Ranching helped fill out my school days. My brother and I would have our different chores after school and on the weekends: feed and look after the horses, ride through the cattle, inspect the fences.

Cattle always give you problems. I’ve been kicked in the leg, kicked in the chest, and yes, kicked where the sun doesn’t shine. Never been kicked in the head, though. That might have set me straight.

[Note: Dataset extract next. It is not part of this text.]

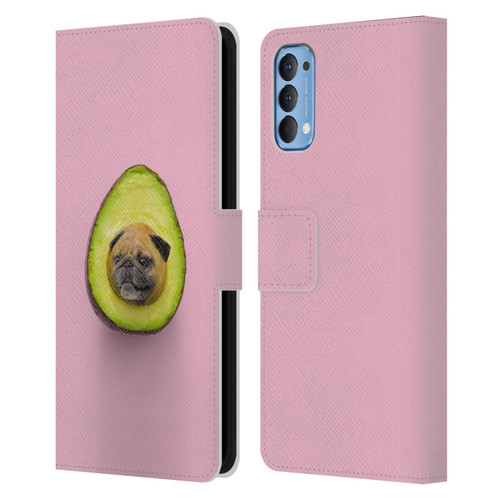 Pixelmated Animals Surreal Pets Pugacado Leather Book Wallet Case Cover For OPPO Reno 4 5G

Growing up, I raised steers and heifers for FFA, Future Farmers of America. (The name is now officially The National FFA Organization.) I loved FFA and spent a lot of time grooming and showing cattle, even though dealing with the animals could be frustrating. I’d get pissed off at them and think I was king of the world. When all else failed, I was known to whack ’em upside their huge hard heads to knock some sense into them. Twice I broke my hand.

Like I said, getting hit in the skull may have set me straight.

I kept my head when it came to guns, but I was still passionate about them. Like a lot of boys, my first “weapon” was a Daisy multi-pump BB rifle—the more you pumped, the more powerful your shot. Later on, I had a CO2-powered revolver that looked like the old 1860 Peacemaker Colt model. I’ve been partial to Old West firearms ever since, and after getting out of the Navy, I’ve started collecting some very fine-looking replicas. My favorite is an 1861 Colt Navy Revolver replica manufactured on the old lathes.

I got my first real rifle when I was seven or eight years old. It was a bolt-action 30-06. It was a solid gun—so “grown-up” that it scared me to shoot at first. I came to love that gun, but as I recall what I really lusted after was my brother’s Marlin 30-30. It was lever action, cowboy-style.